Thursday, May 29, 2008

Annapolis Market House Appeal Dropped

In December of 2007, Market House Ventures, which leases Annapolis Market House, filed a two million dollar suit against Annapolis city, claiming the lease had been breached by a failure on the city's part to install an adequate HVAC system.

On March 17, the city was ordered to temporarily halt collection of rent by an Anne Arundel County Circuit Court judge. The city of Annapolis appealed this decision in Maryland Court of Special Appeals.

Recently, on May 20th, the city of Annapolis dropped this appeal, paving the way to a resolution, a sufficient HVAC system, and a more fully subleased Market House.

Wednesday, April 30, 2008

National Report Flunks Maryland

A national report gives Maryland a grade of F regarding the release of information of child abuse cases involving death or serious injury.

Two studies released by two national child advocacy groups, First Star and the Children's Advocacy Institute of the University of San Diego School of Law, report that Maryland creates barriers to the release of this information by requiring charges to first be filed in the case and by allowing state officials to repress the information if they deem it to be in the best interest of the child.

Tuesday, April 15, 2008

Status Quo Set by Use of Fetus Death Law

Last month, David Lee Miller's conviction in Baltimore County Circuit Court of killing his pregnant girlfriend set a status quo for use of a law passed in 2005 protecting the rights of the unborn.

Both pro-choice and pro-life advocates alike supported the bill when it was passed, specifically because it is applicable only to criminal cases (and not those involving abortions). It does not apply to abortion cases because it does not recognize the unborn fetus as a "person"; this was critical to Planned Parenthood of Maryland’s support of the bill three years ago.

Under the statute, a “person who intended to cause the death of a viable fetus" can be prosecuted in a murder case. Maryland joins 34 other states which recognize unborn children as victims in murder cases (according to the National Right to Life Committee).

Source: The Daily Record

Saturday, April 12, 2008

New Speed Camera Bill likely to Pass in MD; Details emerge on ticket revenue flows

Just as a new speed camera bill is expected to pass the Maryland House (after passing the Senate), details emerge that Texas-based Affiliated Computer System, Inc., is receiving almost 40% of every citation issued by their speed cameras, or $16.25 of every $40 ticket.

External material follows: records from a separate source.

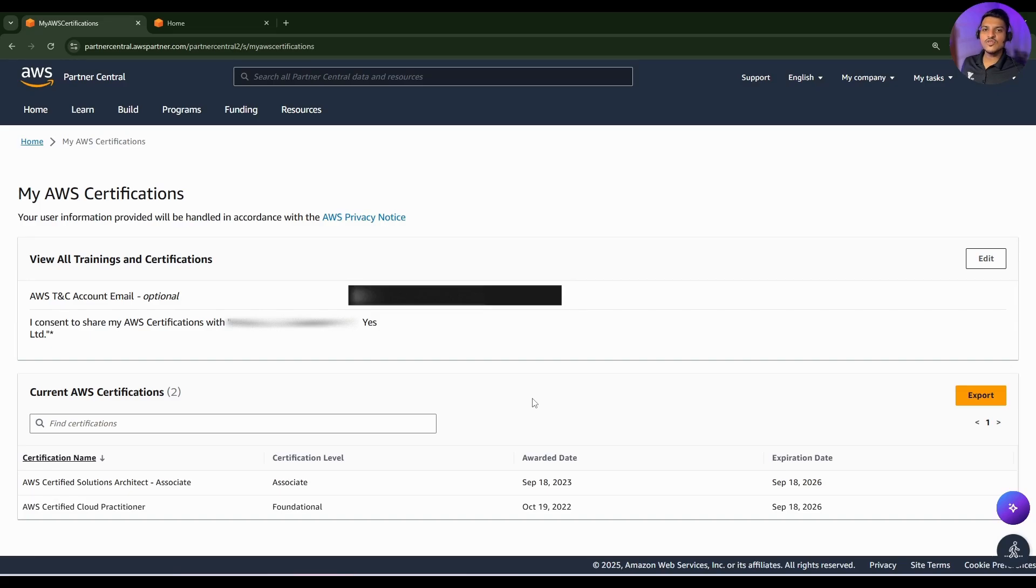So this is Nirbhai and in this video we're going to see how we can link our AWS certificates done from our personal email ID with our company's APN account.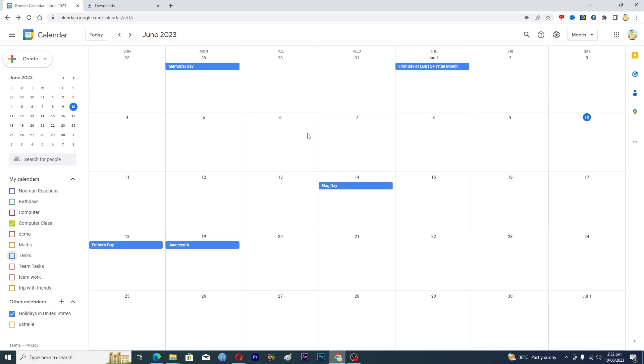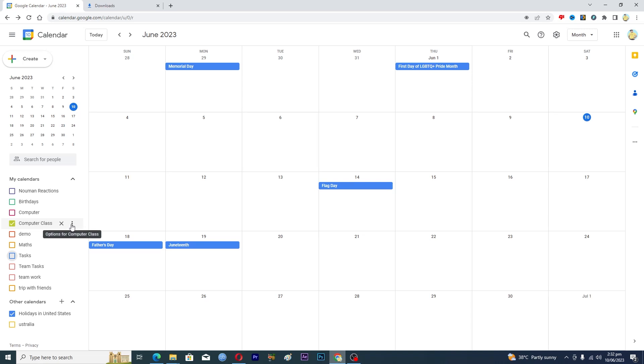Let's suppose you want to get more colors for your calendar events and tasks. What you're going to have to do is next to the name, you can see these three dots. Just click on these three dots and here you can see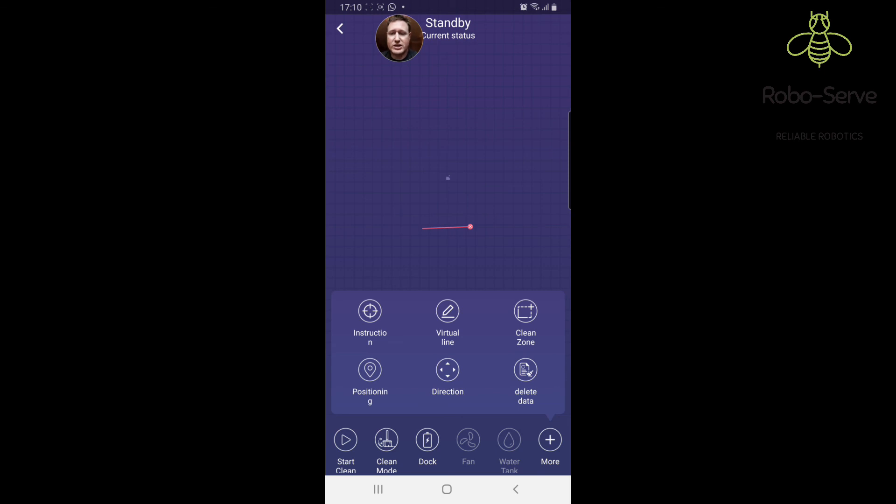In terms of the instruction, if you wanted to clean a specific area on the map you'll click instruction. I don't have a map displayed but you'll click on the instruction and then it'll go clean that specific area on your map.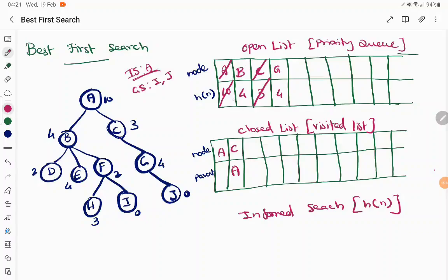A and C are already explored. The open list now has B and G, both with the same priority. When two nodes have the same priority, we follow queue structure — first in, first out — so the node inserted first is chosen. B is chosen, added to the visit list with parent node A, and explored. The children of B are D, E, and F, added to the open list with priorities 2, 4, and 2 respectively.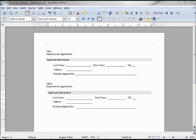In the last few videos we looked at tabs and how they work. In these next couple videos we're going to take a look at tables, and I'm going to try and show you why tables may be better than tabs in many cases.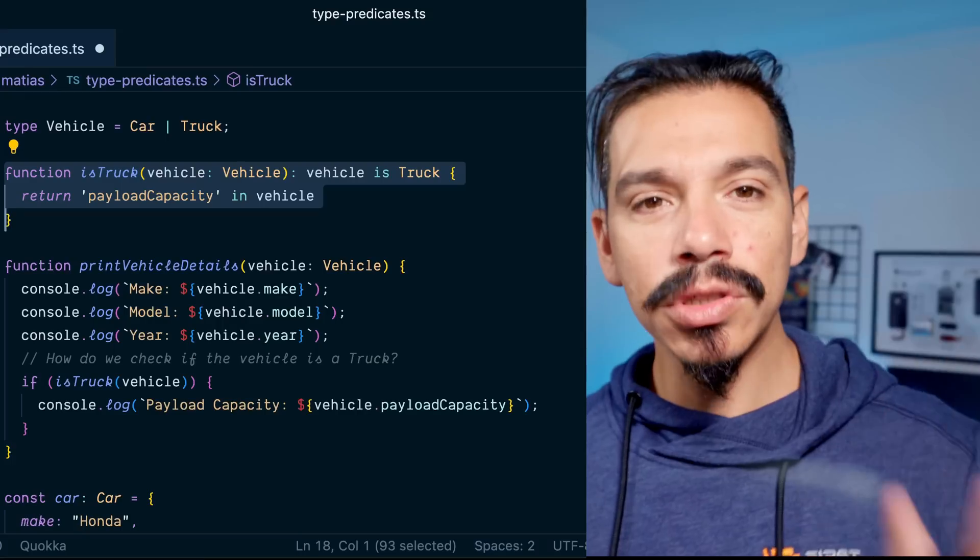However, there are also some risks and downsides to using type predicates. One of the most significant risks is that they can be misused, leading to runtime errors if the function doesn't accurately reflect the variable's type. Additionally, because type predicates rely on runtime checks, they can be slower than other type narrowing techniques such as using discriminated unions or conditional blocks.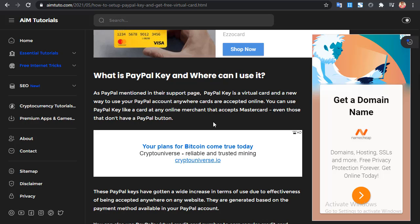Welcome back. The method we're going to use is on PayPal itself — specifically what they call a PayPal Key. Before we head into the method, you should know what a PayPal Key is. As mentioned on the PayPal support page, a PayPal Key is a virtual card and a new way to use your PayPal account anywhere cards are accepted online. You can use PayPal Key like a card at any online merchant that accepts Mastercard, even those that don't have a PayPal button.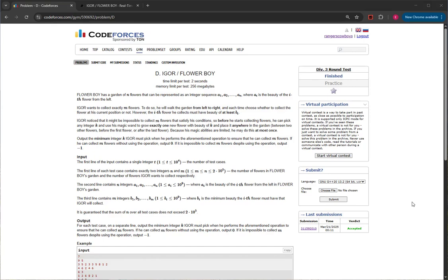You can't go backwards — you have to go from left to right. Igor noticed that it might be impossible to collect m flowers that satisfy his condition, so before he starts collecting flowers he can pick any integer k and use his magic wand to grow exactly one new flower with a beauty of k, placing it anywhere in the garden — between any two flowers, before the first, or after the last. He may only do this once. Output the minimum integer k Igor must pick to ensure he can collect m flowers. If he can collect m flowers without the operation, output zero. If it's impossible even with the operation, output negative one.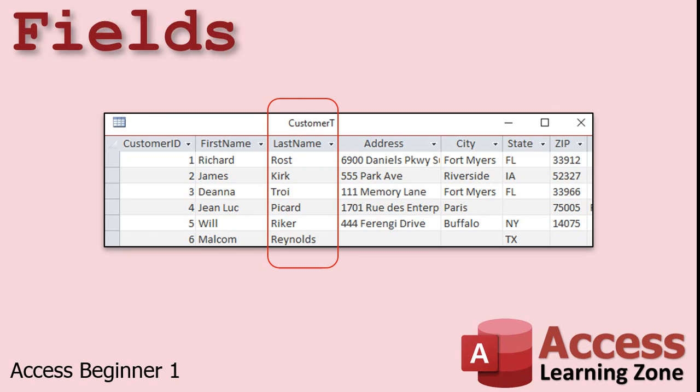Tables are made up of a collection of fields. Each field holds a specific type of data. For example, here I have highlighted the last name field in red. This field should only store the customer's last name and nothing else.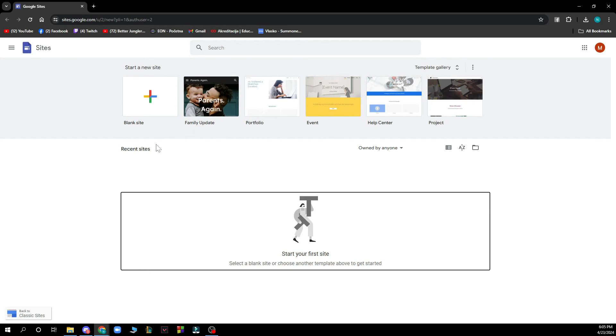Here also you can see recent sites and who are they owned by. And here you can of course start your own site as you can see.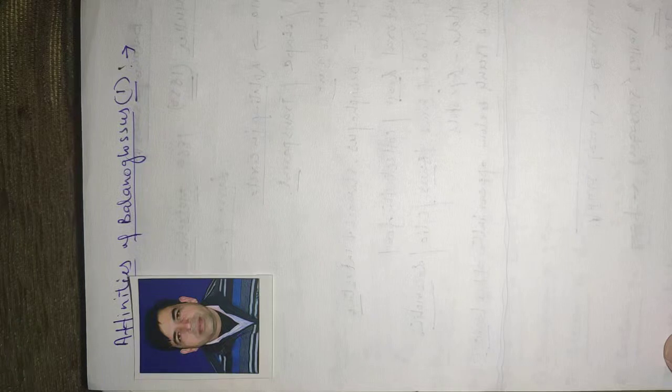And now we will discuss our next topic, Affinities of Balanoglossus.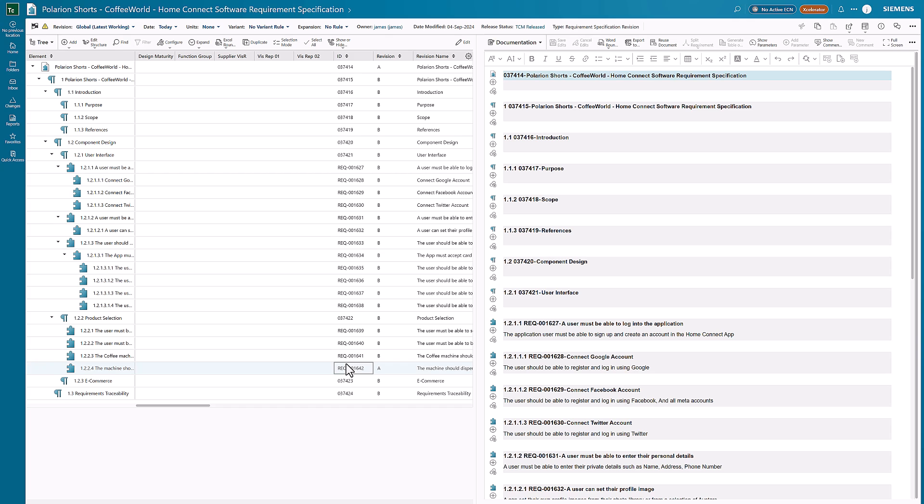So that's everything I was covering off today with the direct integration that we've got from Polarion and being able to publish that content through into Teamcenter. Thanks very much for watching, and as always, I'll see you in the next one.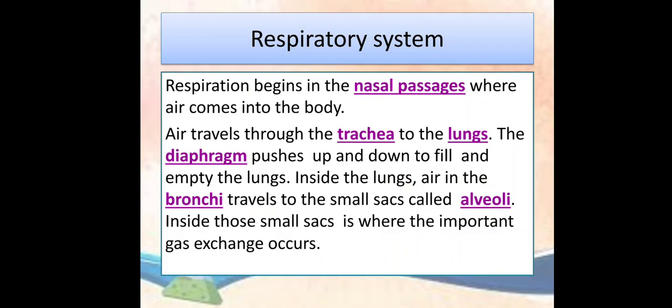Answers: Respiration begins in the nasal passages where air comes into the body. Air travels through the trachea to the lungs. The diaphragm pushes up and down to fill and empty the lungs. Inside the lungs, air in the bronchi travels to the small sacs called alveoli. Inside those small sacs, that is the alveoli, is where the important gas exchange occurs.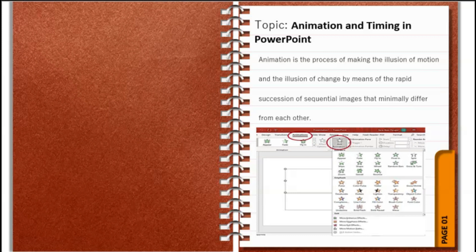So what is animation? Animation is the process of making the illusion of motion and the illusion of change by means of the rapid succession of sequential images that minimally differ from each other. Microsoft PowerPoint provides several animation styles in different categories, namely entrance, emphasis, exit, and motion path.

A press release of ACS relates that "Under the contract [with Montgomery County], ACS processes violations; generates and mails notices; schedules adjudication and appeals appointments; provides document imaging and correspondence management; provides walk-in customer service; maintains camera equipment; and provides pay-by-web, pay-by-phone, and integrated voice response systems".

Though these services are extensive, such high fees, almost half of which are flowing out of the State of Maryland, raises questions about the usefulness of this method of enforcement. 

Source: The Sentinel

O'Malley signs more than 100 bills into Law

Among the bills that Maryland Governor Martin O'Malley signed into law in early April are those that relate to energy efficiency. These bills prod Maryland energy companies to sell more alternate energy sources, and Maryland as a state to reduce power use by fifteen percent in the next seven years. One bill that was not passed involved a movement to cut carbon dioxide emission 90 percent by 2050.

Additional measures included a mortgage lending reform measure, a repeal of computer service tax, and permission for banks to wave closing costs on mortgages paid before due.

Source: MD Daily Record

Perdue asks Tyson to Stop Misleading Claims

Tyson claims its chickens do not contain antibiotics that may contribute to drug resistance in humans. The curiosity is that no poultry producer is known to have such products. Perdue, which is based in Salisbury, MD, has asked a federal judge to stop making such claims regarding antibiotics used in its chickens.

Perdue claims it has lost around $10M in the last year due to the claim's by Arkansas based Tyson.